__Data provided__.
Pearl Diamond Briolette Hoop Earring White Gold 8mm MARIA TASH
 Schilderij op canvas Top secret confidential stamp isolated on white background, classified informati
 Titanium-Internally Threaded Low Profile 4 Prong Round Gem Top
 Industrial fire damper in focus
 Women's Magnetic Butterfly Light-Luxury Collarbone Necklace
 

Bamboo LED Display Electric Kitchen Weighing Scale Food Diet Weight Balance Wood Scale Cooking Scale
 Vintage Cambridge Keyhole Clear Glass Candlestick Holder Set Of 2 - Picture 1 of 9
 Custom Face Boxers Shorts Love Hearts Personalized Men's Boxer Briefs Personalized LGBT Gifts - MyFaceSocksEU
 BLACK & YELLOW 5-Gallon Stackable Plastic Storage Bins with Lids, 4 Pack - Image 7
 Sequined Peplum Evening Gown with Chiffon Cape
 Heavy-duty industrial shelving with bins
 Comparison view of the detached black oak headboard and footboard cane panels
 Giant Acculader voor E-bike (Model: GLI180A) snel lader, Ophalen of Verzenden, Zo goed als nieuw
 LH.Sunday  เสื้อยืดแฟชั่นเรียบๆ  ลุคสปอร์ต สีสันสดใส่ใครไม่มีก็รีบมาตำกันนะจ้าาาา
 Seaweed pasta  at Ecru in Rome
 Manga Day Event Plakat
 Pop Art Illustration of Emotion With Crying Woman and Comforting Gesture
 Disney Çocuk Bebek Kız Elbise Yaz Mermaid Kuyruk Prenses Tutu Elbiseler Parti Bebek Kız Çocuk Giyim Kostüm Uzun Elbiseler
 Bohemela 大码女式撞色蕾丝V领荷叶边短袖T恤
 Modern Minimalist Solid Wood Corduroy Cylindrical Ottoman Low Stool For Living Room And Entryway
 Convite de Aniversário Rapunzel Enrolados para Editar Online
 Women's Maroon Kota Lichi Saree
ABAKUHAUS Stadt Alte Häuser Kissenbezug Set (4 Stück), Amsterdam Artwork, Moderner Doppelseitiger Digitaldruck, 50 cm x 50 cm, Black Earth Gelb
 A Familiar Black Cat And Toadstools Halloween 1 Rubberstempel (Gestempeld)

__What is expected__.
Transcribe the records above with every character unchanged.

__Exercise answer__.
Pearl Diamond Briolette Hoop Earring White Gold 8mm MARIA TASH
 Schilderij op canvas Top secret confidential stamp isolated on white background, classified informati
 Titanium-Internally Threaded Low Profile 4 Prong Round Gem Top
 Industrial fire damper in focus
 Women's Magnetic Butterfly Light-Luxury Collarbone Necklace
 

Bamboo LED Display Electric Kitchen Weighing Scale Food Diet Weight Balance Wood Scale Cooking Scale
 Vintage Cambridge Keyhole Clear Glass Candlestick Holder Set Of 2 - Picture 1 of 9
 Custom Face Boxers Shorts Love Hearts Personalized Men's Boxer Briefs Personalized LGBT Gifts - MyFaceSocksEU
 BLACK & YELLOW 5-Gallon Stackable Plastic Storage Bins with Lids, 4 Pack - Image 7
 Sequined Peplum Evening Gown with Chiffon Cape
 Heavy-duty industrial shelving with bins
 Comparison view of the detached black oak headboard and footboard cane panels
 Giant Acculader voor E-bike (Model: GLI180A) snel lader, Ophalen of Verzenden, Zo goed als nieuw
 LH.Sunday  เสื้อยืดแฟชั่นเรียบๆ  ลุคสปอร์ต สีสันสดใส่ใครไม่มีก็รีบมาตำกันนะจ้าาาา
 Seaweed pasta  at Ecru in Rome
 Manga Day Event Plakat
 Pop Art Illustration of Emotion With Crying Woman and Comforting Gesture
 Disney Çocuk Bebek Kız Elbise Yaz Mermaid Kuyruk Prenses Tutu Elbiseler Parti Bebek Kız Çocuk Giyim Kostüm Uzun Elbiseler
 Bohemela 大码女式撞色蕾丝V领荷叶边短袖T恤
 Modern Minimalist Solid Wood Corduroy Cylindrical Ottoman Low Stool For Living Room And Entryway
 Convite de Aniversário Rapunzel Enrolados para Editar Online
 Women's Maroon Kota Lichi Saree
ABAKUHAUS Stadt Alte Häuser Kissenbezug Set (4 Stück), Amsterdam Artwork, Moderner Doppelseitiger Digitaldruck, 50 cm x 50 cm, Black Earth Gelb
 A Familiar Black Cat And Toadstools Halloween 1 Rubberstempel (Gestempeld)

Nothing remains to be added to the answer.